> _Work order_:
Output every entry below word for word, minus the images.

> _Data listing_:
··········
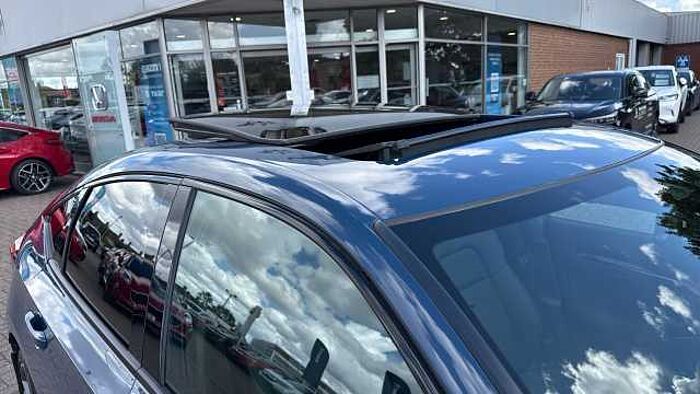 Honda Civic e:HEV 2.0 eHEV Advance 5dr CVT Hybrid Hatchback 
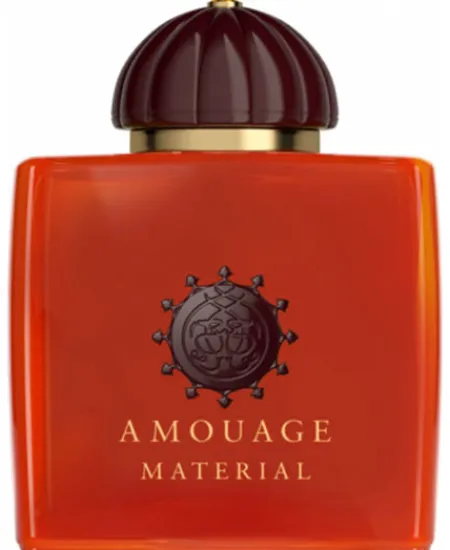New Amouage Material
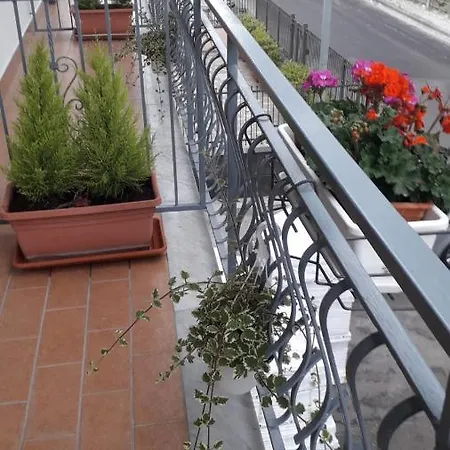 Bed & Breakfast Ponte Valle Pompei *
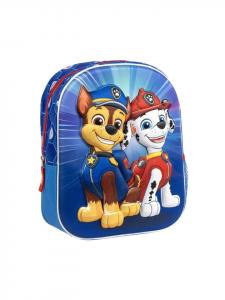Рюкзак Crew 3D, сумка 31 см Paw Patrol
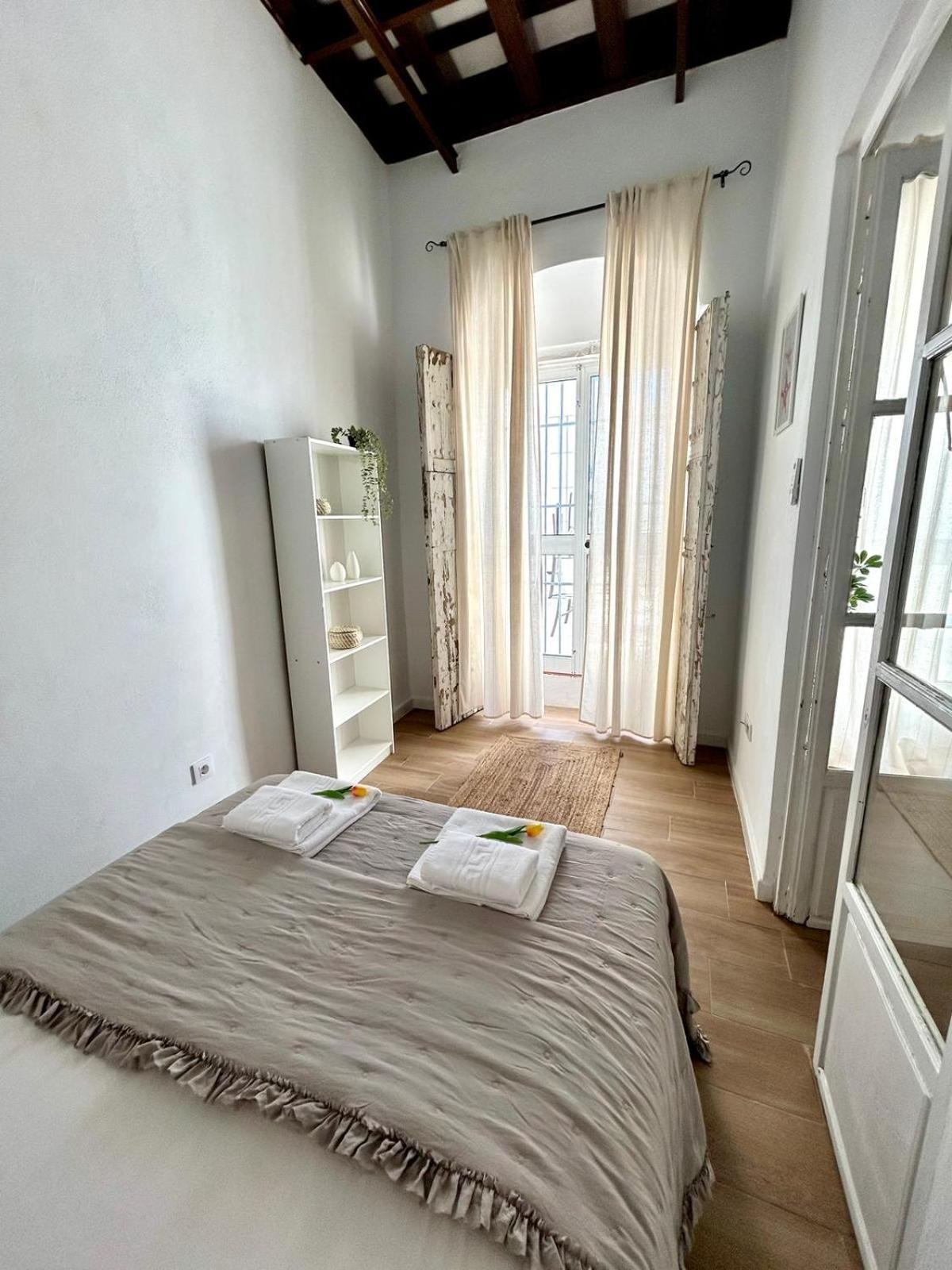 Gatu Casa Solera, Un Lugar Unico, "Preferente Para Mayores De 25 Anos Y Familias " เอลปูแอร์โต เด ซานตามาริอา ภายนอก รูปภาพ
··········
> _Answer to this task_:
 Honda Civic e:HEV 2.0 eHEV Advance 5dr CVT Hybrid Hatchback 
New Amouage Material
 Bed & Breakfast Ponte Valle Pompei *
Рюкзак Crew 3D, сумка 31 см Paw Patrol
 Gatu Casa Solera, Un Lugar Unico, "Preferente Para Mayores De 25 Anos Y Familias " เอลปูแอร์โต เด ซานตามาริอา ภายนอก รูปภาพ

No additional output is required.